Indian Merger Control Regime – The Introduction And Impact Of Deal Value Thresholds

The primary objective of introducing the Deal Value Thresholds is to target those big-sized deals wherein the target crosses one of the De-Minimis Exemption thresholds by a significant amount, and yet the deal escapes the CCI’s scrutiny simply because the target does not cross the other one

Introduction

On September 9, 2024, the Indian Government notified certain provisions of the Competition (Amendment) Act, 2023 that came into effect on September 10, 2024. One of the most noteworthy provisions pertains to the introduction of deal value thresholds (Deal Value Thresholds) to determine whether a transaction relating to acquisition of control, shares, voting rights or assets of a target entity, merger or amalgamation (Combination) requires to be notified to the Competition Commission of India (CCI) prior to its implementation. The Deal Value Thresholds comprise of a dual test of whether (i) the value of the transaction exceeds INR 2,000 crore (Value Test); and (ii) the target has ‘substantial business operations’ in India (Business Operations Test). Both these tests must be met for a Combination to be notifiable to the CCI under this provision.

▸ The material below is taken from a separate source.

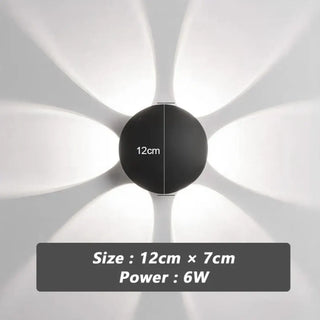 SUDULI black wall sconce halo glow installed view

The Deal Value Thresholds have been superimposed on an existing de-minimis exemption that exempts a Combination from the CCI notification requirement if the target has either assets of not more than INR 450 crore in India or turnover of not more than INR 1,250 crore in India (De-Minimis Exemption). The primary objective of introducing the Deal Value Thresholds is to target those big-sized deals wherein the target crosses one of the De-Minimis Exemption thresholds by a significant amount, and yet the deal escapes the CCI’s scrutiny simply because the target does not cross the other one. Thus, a transaction that exceeds the Deal Value Thresholds is now notifiable to the CCI even if it falls within the De-Minimis Exemption. This article analyses the Deal Value Thresholds and their overall impact on the merger control analysis.

Value Test

Unlike the De-Minimis Exemption thresholds that are entirely target focused, the Value Test is based on the value of the transaction under review. Ordinarily, this would mean the deal value specified in the deal documents. For example, the deal value of a primary transaction would be the subscription consideration payable by an acquirer to the target under a subscription or an investment agreement. Similarly, a share purchase agreement would contain the sale consideration payable by an acquirer for a secondary acquisition which would constitute the acquisition’s deal value. For undertaking the Value Test, however, the assessment is not so simple. One reason is because it encompasses all kinds of consideration – be it past, present, future, direct, indirect, immediate, deferred, in cash or otherwise. Hence, it’s important to understand how the deal value of a Combination is to be determined.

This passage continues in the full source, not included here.